In fact, Nvidia has been quietly developing AI-targeted hardware for years. Back in 2012, Nvidia chips formed the technical foundation of AlexNet, the first innovative neural network developed in part by OpenAI co-founder and former chief scientist Ilya Sutskever, who recently left the nonprofit after attempting to oust the CEO Sam Altman. This first-mover advantage has given Nvidia a big advantage over its competitors.
“They were visionaries…for Jensen, this goes back to his days at Stanford,” Wilford said. “He’s been waiting for this opportunity the whole time. And he kept Nvidia in a position to take advantage whenever the opportunity arose. What we have seen in recent years is that strategy has been executed to perfection. I can’t imagine anyone doing it better than Nvidia did.”
Since its first investments in artificial intelligence more than a decade ago, Nvidia has invested millions in a hugely profitable AI hardware business. The company sells its flagship Hopper GPU for a quarter of a million dollars per unit. It’s a 70-pound supercomputer, built from 35,000 individual parts, and the waiting list for customers to get their hands on one is months long.
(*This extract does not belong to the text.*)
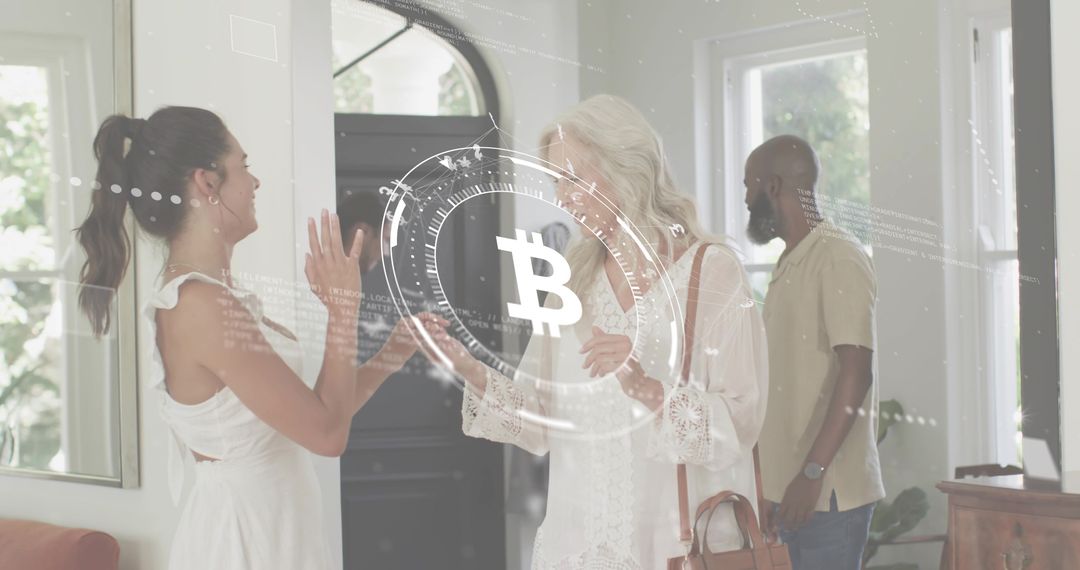 Women Greeting in Bright Foyer with Bitcoin HUD Overlay, Friends Meeting, Digital Finance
Desperate AI developers are turning to organizations like the San Francisco Compute Group, which rents the computing power of their collection of Nvidia chips by the hour. (At the time of publishing this article, they have been fully booked for almost a month.)
AI chip giant Nvidia is set to grow even more if AI growth meets analysts’ expectations.
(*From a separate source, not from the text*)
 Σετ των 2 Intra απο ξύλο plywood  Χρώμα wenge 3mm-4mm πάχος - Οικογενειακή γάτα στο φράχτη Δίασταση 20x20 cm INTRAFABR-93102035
“Nvidia maintained a seemingly very high level,” Goldman Sachs wrote in its analysis of Nvidia earnings. “We expect not only sustained growth in Gen AI infrastructure spending by large CSPs and consumer Internet companies, but also increased development and adoption of AI by enterprise customers representing various verticals and, again more, sovereign states.”
There are some potential threats to Nvidia’s market dominance. For one thing, investors noted in the company’s latest earnings that export restrictions to China have weakened business, and a potential increase in competition from Chinese chip designers could put pressure on Nvidia’s global market share. . And Nvidia also depends on Taiwanese chip foundry TSMC to actually produce many of the chips it designs. The Biden administration has pushed for more investment in domestic manufacturing through the CHIPS law, but Jensen himself has said it will be at least a decade before American smelters can be fully operational.
“[Nvidia is] heavily dependent on TSMC in Taiwan and there are regional complications [associated with that], there are political complications,” Wilford said. “[And] the Chinese government is investing heavily in developing its own AI capabilities because of some of those same tensions.”